* **What is being asked**
What you return must match the records word for word, except that images are dropped.

* **Materials provided**
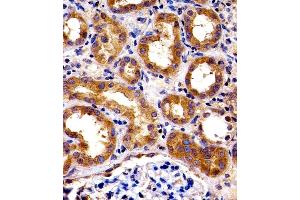 Immunohistochemical analysis of paraffin-embedded H.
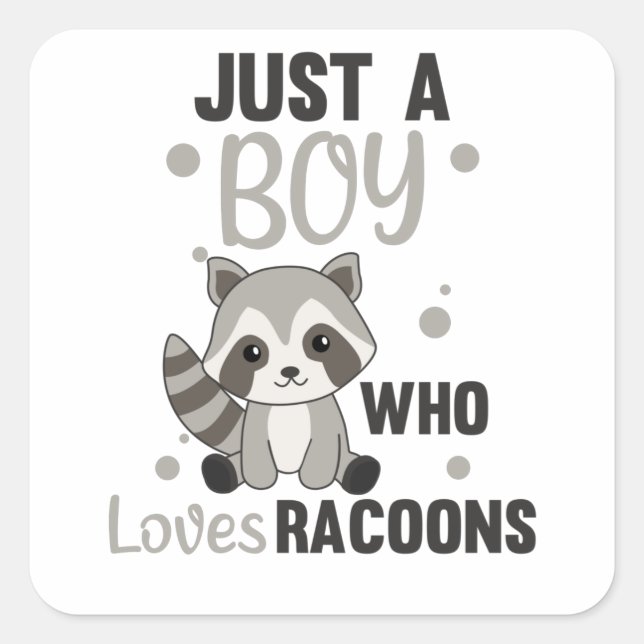 Adesivo Quadrado Apenas Um Menino Que Ama Racoons Kawaii Raccoon (Frente)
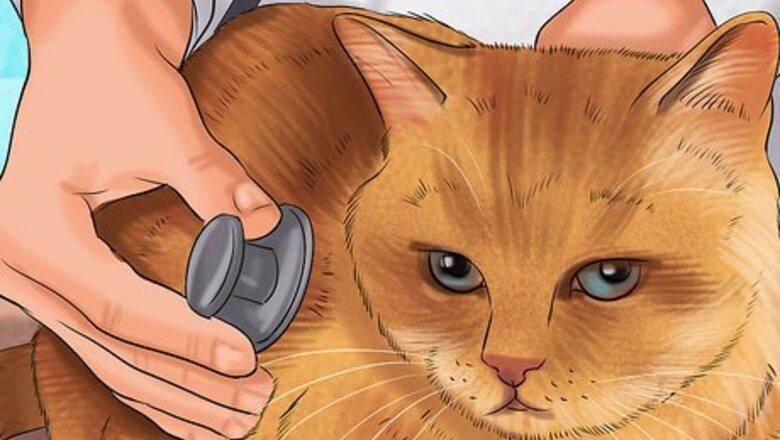 How to Treat Skin Inflammation in Cats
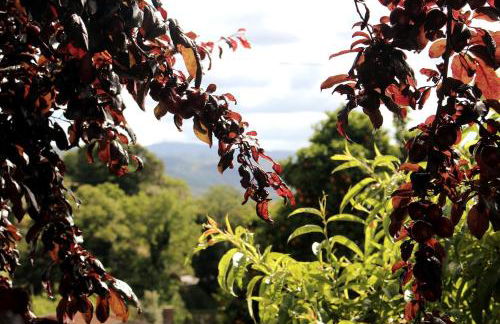 Miguas House - Foto 30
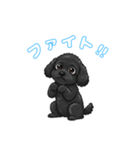 トイプードル（ブラック）の生活（個別スタンプ：2）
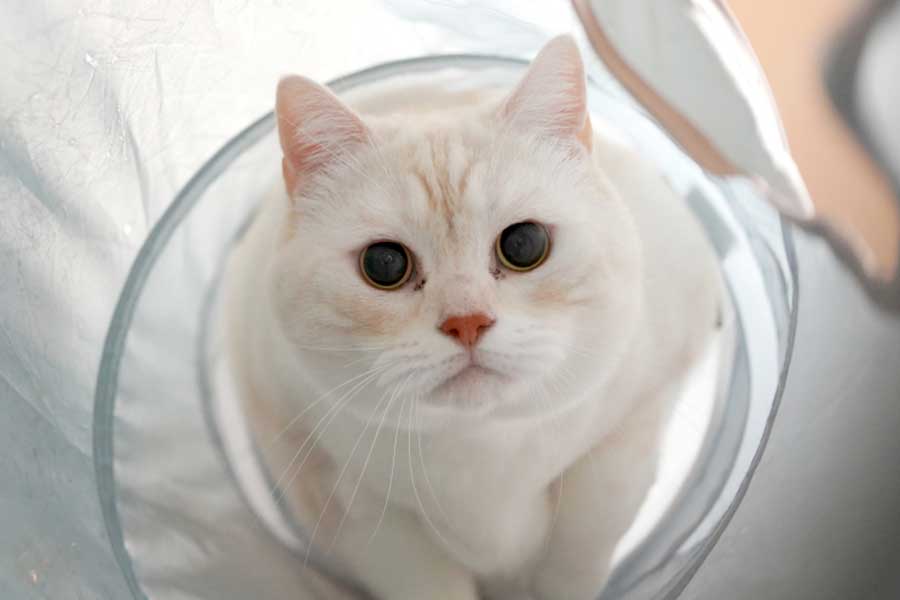 キュートな表情のりんくん【写真提供：ミギー（@MiGiiiiii）さん】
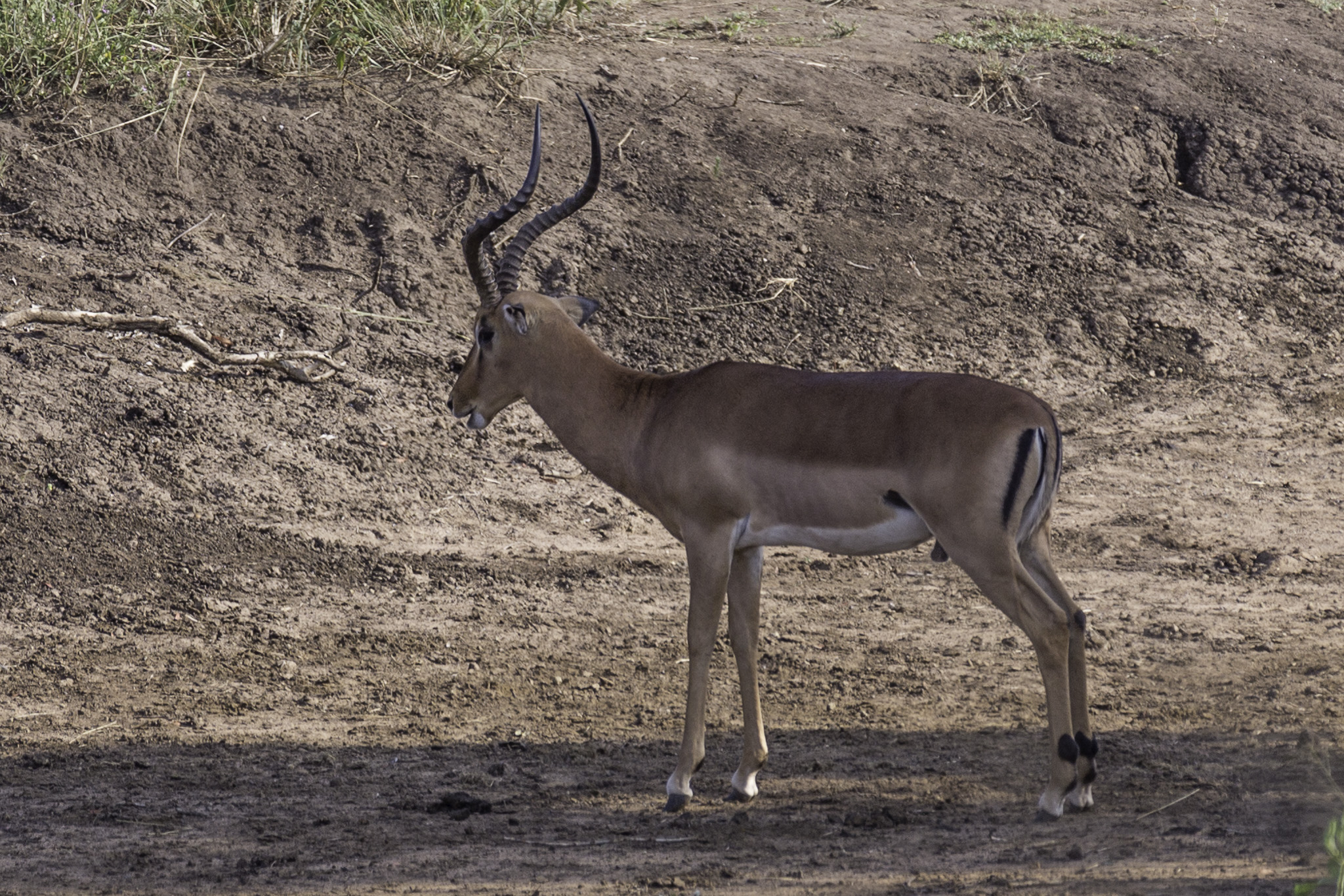 Hluhluwe-C-36.jpg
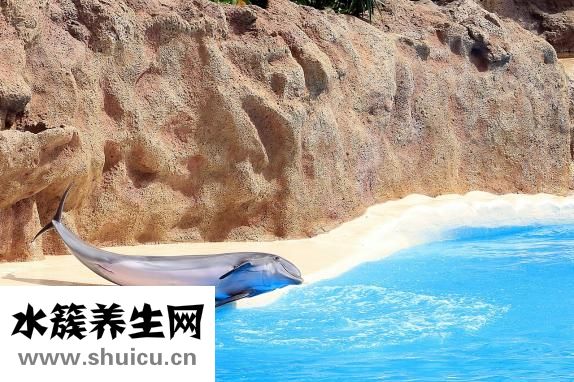 什么是人鱼线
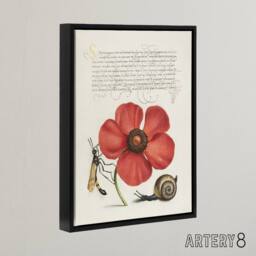 "Artery8 Poppy Snail & Crane Fly Calligraphy Framed Canvas Wall Art Print in White - Size: W12"" x H16""" - thumbnail 2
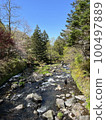 河流 100497889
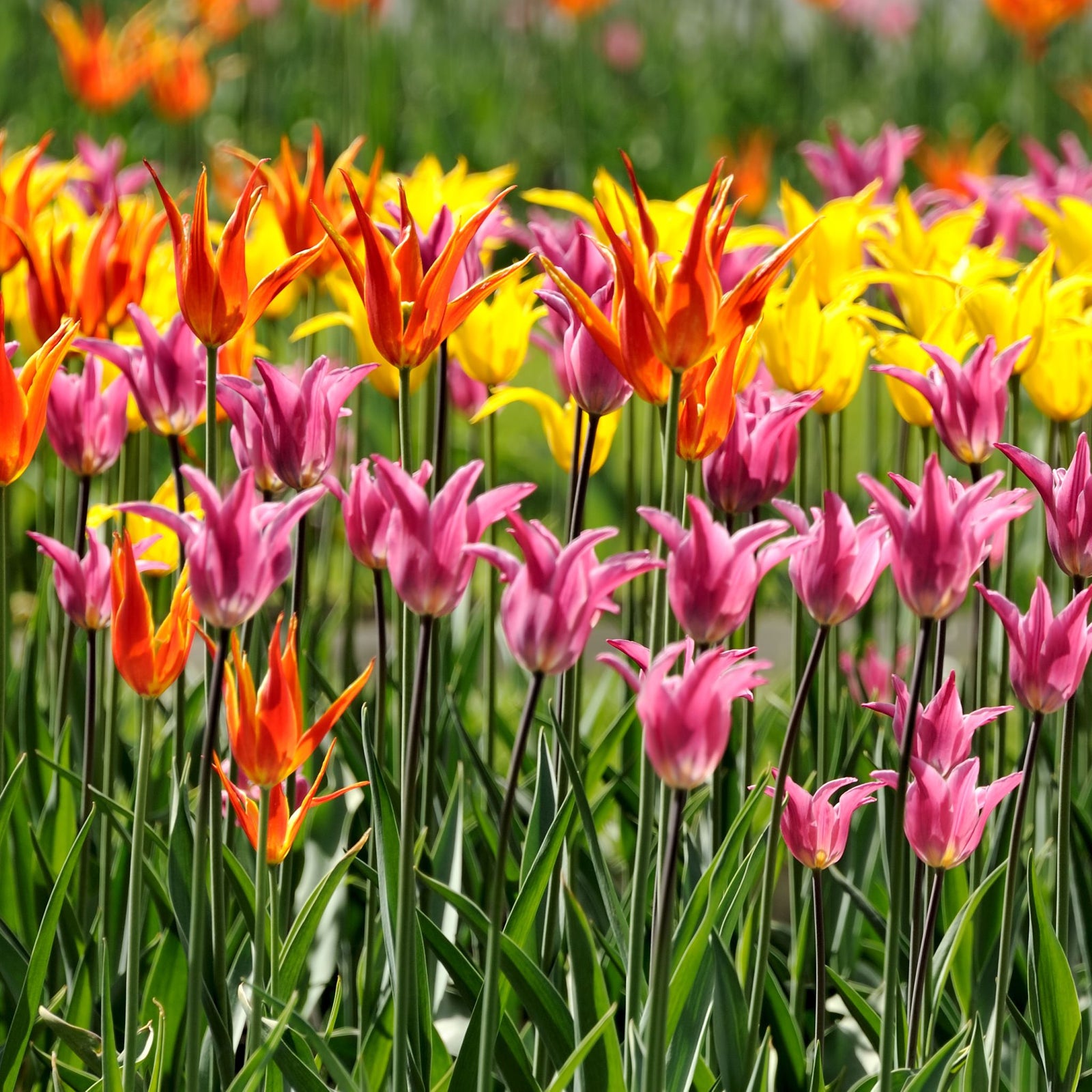 A vibrant array of pointed Tulip Lily Flowering blooms in yellow, white, red, and pink. Text: “Tulip Lily Flowering Mix (6 Bulbs).” Includes De Ree logo, planting info, and tulip bulbs.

* **Output below**
 Immunohistochemical analysis of paraffin-embedded H.
 Adesivo Quadrado Apenas Um Menino Que Ama Racoons Kawaii Raccoon (Frente)
 How to Treat Skin Inflammation in Cats
 Miguas House - Foto 30
 トイプードル（ブラック）の生活（個別スタンプ：2）
 キュートな表情のりんくん【写真提供：ミギー（@MiGiiiiii）さん】
 Hluhluwe-C-36.jpg
 什么是人鱼线
 "Artery8 Poppy Snail & Crane Fly Calligraphy Framed Canvas Wall Art Print in White - Size: W12"" x H16""" - thumbnail 2
 河流 100497889
 A vibrant array of pointed Tulip Lily Flowering blooms in yellow, white, red, and pink. Text: “Tulip Lily Flowering Mix (6 Bulbs).” Includes De Ree logo, planting info, and tulip bulbs.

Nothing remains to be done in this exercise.